С большой драматической силой и выразительностью написан драматургом образ кулака и бывшего старшины Пшенцова. Он как будто вырезан скульптором из темного плотного дерева.
Пшенцов не уходит из села. Он остается жить среди людей, которые уже давно освободились из-под его власти. Он ждет своего часа. Есть что-то массивное, древнее в этой фигуре благообразного высокого старика. Драматург заостряет его внутренний облик. Особенно это сказалось в сцене «умирания» Пшенцова, заранее им объявленного. Он лежит за занавеской в кровати, молчаливый, ощерившийся и в то же время неподвижный, как мертвое тело. На него приходят посмотреть крестьяне. И хозяин избы, где лежит Пшенцов, отдергивает полог и показывает его, как экспонат паноптикума.
В таких же почти гротесковых чертах дан драматургом в первом акте образ диверсанта Пугачева, появляющегося под видом юродивого.
При всей выразительности этих фигур они отступают в пьесе на второй план. В них есть что-то мертвое и статичное. Они словно каменеют на глазах зрителя по мере развития событий драмы. Их заслоняют персонажи, внутренний мир которых развертывается в движении, в разнообразии глубоких и сложных переживаний.
5
Не случайно мы ограничили разбор этой талантливой пьесы характеристиками персонажей, почти ни слова не сказав об ее сюжете. В сущности, в ней нет сюжета, цельного и точно очерченного. Есть канва событий, общая для всей советской деревни в целом. И по ней сплетаются, расходятся и сталкиваются снова, как нити сложного узора, пути и тропинки, по которым проходят отдельные персонажи. Постепенно эти нити сближаются, переплетаются тесным рядом, и из множества отдельных человеческих судеб вырастает жизнь целого села, а за ней и жизнь всей страны.
Пьеса сложна по своему построению. В ней нет того, что мы называем ведущим персонажем, на котором сосредоточивается тема и действие драмы. Действующие лица перемещаются по своему положению по мере развития событий. Вначале ведущим персонажем оказывается Аким Морев, затем на центральное место выходит Егор Дударев.
Такая композиция пьесы представляет много трудностей для театра. Драма Панферова требует глубокой, внимательной работы над образами персонажей. В них, и только в них, заключена драматическая динамика действия. Каждое отдельное лицо, вплоть до самого незначительного, эпизодического, имеет свой, особый, отчетливо выраженный душевный склад.

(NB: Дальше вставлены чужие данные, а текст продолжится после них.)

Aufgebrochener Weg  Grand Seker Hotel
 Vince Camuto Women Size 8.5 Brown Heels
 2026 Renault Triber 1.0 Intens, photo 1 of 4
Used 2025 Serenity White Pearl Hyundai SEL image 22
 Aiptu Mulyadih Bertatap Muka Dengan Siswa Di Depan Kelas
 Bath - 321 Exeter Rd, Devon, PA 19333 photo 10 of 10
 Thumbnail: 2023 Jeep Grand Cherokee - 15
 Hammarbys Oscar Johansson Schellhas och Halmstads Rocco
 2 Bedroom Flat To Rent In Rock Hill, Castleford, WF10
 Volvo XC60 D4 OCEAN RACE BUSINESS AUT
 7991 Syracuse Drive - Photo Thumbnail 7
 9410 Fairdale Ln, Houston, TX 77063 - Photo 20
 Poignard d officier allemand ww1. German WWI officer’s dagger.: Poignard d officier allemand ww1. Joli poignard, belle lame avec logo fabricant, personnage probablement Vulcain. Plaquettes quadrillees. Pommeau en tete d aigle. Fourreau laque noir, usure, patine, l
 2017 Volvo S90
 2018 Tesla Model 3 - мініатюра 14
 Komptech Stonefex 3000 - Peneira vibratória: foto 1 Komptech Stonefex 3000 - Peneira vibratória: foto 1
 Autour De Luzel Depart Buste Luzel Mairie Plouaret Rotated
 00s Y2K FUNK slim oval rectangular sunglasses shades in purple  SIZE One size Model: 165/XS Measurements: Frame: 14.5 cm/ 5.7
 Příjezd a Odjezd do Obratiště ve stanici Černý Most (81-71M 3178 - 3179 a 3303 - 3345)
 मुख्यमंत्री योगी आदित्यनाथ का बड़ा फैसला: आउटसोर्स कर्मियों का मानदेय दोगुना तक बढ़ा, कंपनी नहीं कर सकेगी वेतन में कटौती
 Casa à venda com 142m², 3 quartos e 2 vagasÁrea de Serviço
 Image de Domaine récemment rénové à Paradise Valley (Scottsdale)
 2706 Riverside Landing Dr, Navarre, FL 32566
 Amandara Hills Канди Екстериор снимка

Есть пьесы, составленные из эпизодов. Панферовская драма скомпонована из отдельных персонажей, слабо связанных между собой внешней сюжетной линией. Они сравнительно редко приходят в непосредственное столкновение в ходе драмы. Это случается только в ее немногие моменты.
«Жизнь» — пьеса детального психологического анализа. По своему стилю она ближе всего стоит к драматургии Горького.
В драмах Горького единство действия создается сложным путем. Фабула их обычно тоже нелегко поддается расшифровке. На первый взгляд кажется, что она отсутствует вовсе. Для того чтобы изложить содержание «Егора Булычова», нужно последовательно и детально охарактеризовать образ самого Егора и других основных действующих лиц. Без этого фабула драмы просто будет непонятна или настолько обща, что ее можно рассказать буквально в нескольких словах.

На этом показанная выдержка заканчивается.